Exercise objective >>
Leave out the pictures and repeat exactly the lines from the one containing "Two women at" through the end of the records.

Records to process >>

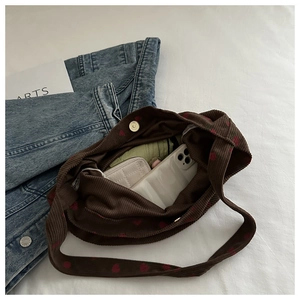 Sac cabas en velours côtelé marron à cœurs montrant l'intérieur spacieux et les objets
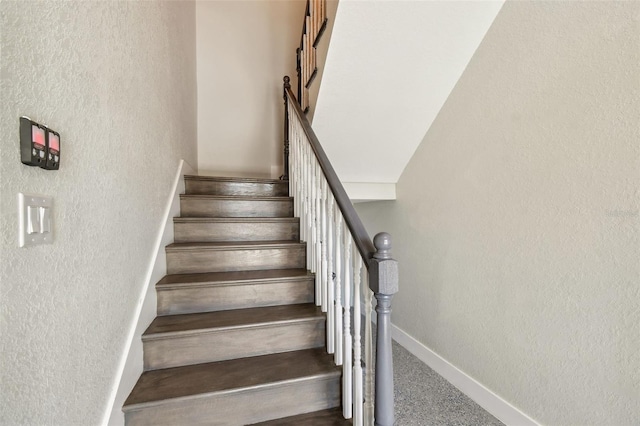 4559 Mitcher Rd, New Port Richey, FL 34652 - staircase with baseboards and a textured wall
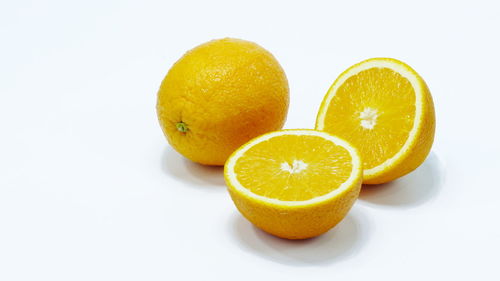 Close-up of orange fruit against white background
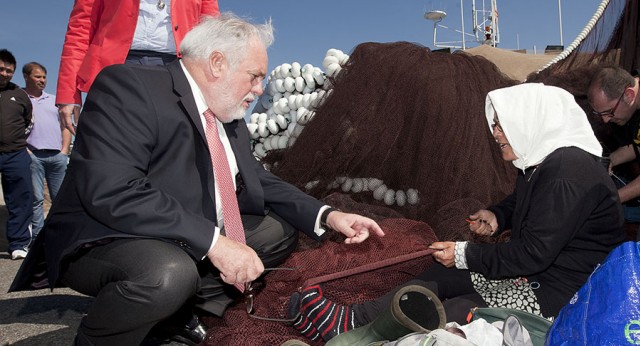 Miguel Arias Cañete conversa con una mujer que repara redes en el puerto de Cambados (Pontevedra)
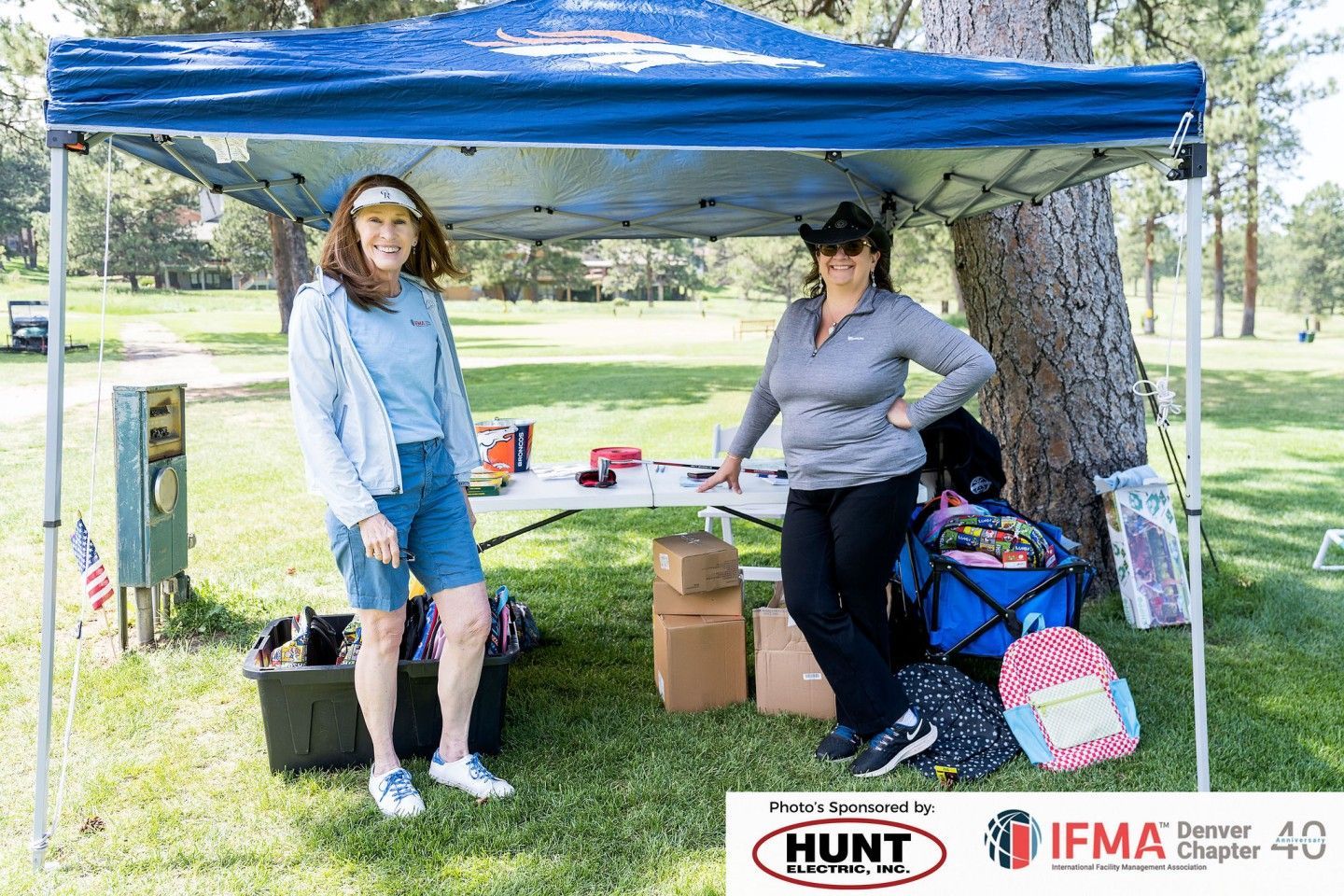 Two women at a table under a blue canopy at an outdoor event. Boxes, bags, and items for sale are on display.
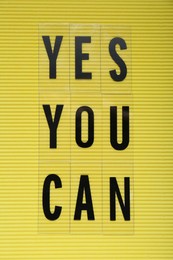 Photo of Phrase Yes You Can with of plastic letters on yellow background, top view. Motivational quote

Output of the exercise >>
 Two women at a table under a blue canopy at an outdoor event. Boxes, bags, and items for sale are on display.
 Photo of Phrase Yes You Can with of plastic letters on yellow background, top view. Motivational quote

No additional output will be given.